Puppet (as of 2.6) has a pure Ruby DSL. Puppet and Chef are rapidly converging on the same feature set, at this point its like arguing .rpm vs .deb. There are certainly differences and if you spend a ton of time with both tools you will have a favorite, but fundamentally they both serve the same purpose and will enable you to get the job done.
No. I don't believe there ever can be. For a specific technology choice to become useful -- and more importantly to remain useful -- I think it needs strong competition.
This is super useful thanks. I'm mystified why puppet lacks substantive ec2 documentation on their website. I would have thought this was a major use case.
I wrote a pretty detailed piece on doing exactly this last summer, hopefully soon iClassify will be replaced by Puppet Dashboard, but for now I run both.
* Puppet's error messages are next to useless. Sometimes it can only tell you which file had an error, and not which line number. Sometimes you'll be left wondering where in the many files that make up a complex project there was an error.
* The only way to actually test the correctness of your puppet scripts is to deploy on real servers. Your staging environment has to be identical to production if you don't want any nasty surprises.
* Despite being written in ruby, the design doesn't follow ruby's philosophies or best practices. The config language is not dynamic or ruby-ish. Compared to ruby, you get code blowout when you can't use DRY and have to unroll loops to fit inside the bounds of what the config language can do.

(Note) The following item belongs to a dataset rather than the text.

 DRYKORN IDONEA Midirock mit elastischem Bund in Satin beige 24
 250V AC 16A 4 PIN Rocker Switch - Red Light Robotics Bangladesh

* Simple things are hard. You have to write your own modules or use 3rd party modules for what I consider simple things, such as editing an existing system config file to add two lines in the middle if they don't already exist.
* There's a steep learning curve because a large project is like spaghetti code where you aren't quite sure which file to find what you're looking for. It is very easy to create dependency loops, and hard to find them, and even harder to resolve them. I ended up generating the dependency graph to a PNG file and eyeballing it, several times per day.
I got the impression that puppet is ideal for getting a "PHP+MYSQL" server up and running that requires almost no deviation from the operating system defaults. If your setup is a more complex one I'd stay well away.